La courbe de Beveridge d’après Blanchard et Diamond.

Source: Blanchard et Diamond (1989, p. 37).

La figure 2.2 schématise cette dynamique conjoncturelle. Plutôt que de varier le long d’une même courbe, les variables symbolisant les places vacantes et les chômeurs suivent un mouvement en boucle dans le sens contraire à celui des aiguilles d'une montre autour du point d’équilibre stationnaire. Cette dynamique est dictée par le fait que les places vacantes et le nombre de chômeurs ne réagissent pas

avec la même rapidité aux changements de l’activité de production. Ainsi par exemple, à partir du point G, il est probable que la reprise de l’activité favorise une augmentation des places vacantes initialement plus rapide que la diminution des chômeurs. Lorsque la phase de croissance s’achève, on revient vers le point I, puisque la quantité de chômeurs continue pendant un certain temps de diminuer alors que l’apparition de nouvelles places vacantes se ralentit. L’évolution dans les phases de récession s’explique de manière analogue.

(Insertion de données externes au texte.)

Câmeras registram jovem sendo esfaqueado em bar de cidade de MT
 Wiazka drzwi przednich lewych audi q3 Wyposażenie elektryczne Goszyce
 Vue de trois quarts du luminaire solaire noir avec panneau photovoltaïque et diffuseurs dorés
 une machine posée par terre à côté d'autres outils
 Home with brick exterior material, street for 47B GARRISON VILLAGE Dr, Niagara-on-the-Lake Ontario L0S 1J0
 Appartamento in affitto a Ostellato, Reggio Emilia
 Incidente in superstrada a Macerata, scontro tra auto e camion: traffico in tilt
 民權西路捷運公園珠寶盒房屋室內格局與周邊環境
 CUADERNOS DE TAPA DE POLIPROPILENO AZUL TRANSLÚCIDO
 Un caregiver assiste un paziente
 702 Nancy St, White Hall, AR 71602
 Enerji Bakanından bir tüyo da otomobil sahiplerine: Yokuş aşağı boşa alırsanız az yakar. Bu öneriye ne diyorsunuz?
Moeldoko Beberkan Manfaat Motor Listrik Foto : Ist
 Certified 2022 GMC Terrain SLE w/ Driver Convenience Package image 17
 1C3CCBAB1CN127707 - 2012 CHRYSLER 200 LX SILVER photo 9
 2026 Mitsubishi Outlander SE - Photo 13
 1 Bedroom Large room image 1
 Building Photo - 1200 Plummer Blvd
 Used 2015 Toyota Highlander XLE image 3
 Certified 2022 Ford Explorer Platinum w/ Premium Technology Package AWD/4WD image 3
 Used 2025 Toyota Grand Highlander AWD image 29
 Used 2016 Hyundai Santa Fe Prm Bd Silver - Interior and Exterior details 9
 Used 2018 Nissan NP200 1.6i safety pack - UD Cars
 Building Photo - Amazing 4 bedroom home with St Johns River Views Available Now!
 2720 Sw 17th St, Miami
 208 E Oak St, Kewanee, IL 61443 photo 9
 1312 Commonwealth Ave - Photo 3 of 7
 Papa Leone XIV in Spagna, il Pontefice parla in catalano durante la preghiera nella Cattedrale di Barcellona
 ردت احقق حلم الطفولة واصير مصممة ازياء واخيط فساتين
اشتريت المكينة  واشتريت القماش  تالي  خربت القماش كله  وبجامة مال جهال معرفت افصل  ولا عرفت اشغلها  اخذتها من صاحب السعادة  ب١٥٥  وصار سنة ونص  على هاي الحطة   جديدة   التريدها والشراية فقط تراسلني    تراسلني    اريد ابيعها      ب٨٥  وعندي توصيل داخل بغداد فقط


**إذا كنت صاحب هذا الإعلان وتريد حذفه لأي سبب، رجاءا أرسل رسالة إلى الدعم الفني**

Cet argument a d’importantes implications pour l’identification empirique du chômage naturel. L’extrapolation du point où U = V, comme l’avaient suggéré Armstrong et Taylor (1981), risque de conduire à des estimations imprécises du chômage naturel. Le point estimé peut varier entre H et K et ces deux limites seront d’autant plus éloignées que la boucle définie par la dynamique conjoncturelle est large. Or, par définition, les trajectoires de la boucle sont provisoires et leur point d’intersection avec la droite à 45 degrés ne peut pas être considéré comme un point d’équilibre.

Toutefois, comme on le verra plus loin, dans le cas de la courbe de Beveridge suisse, cette dynamique conjoncturelle n’est pas très marquée. Par conséquent, au cours d’un même cycle, les approximations réalisées pendant les phases de croissance et de récession aboutissent à des résultats très semblables.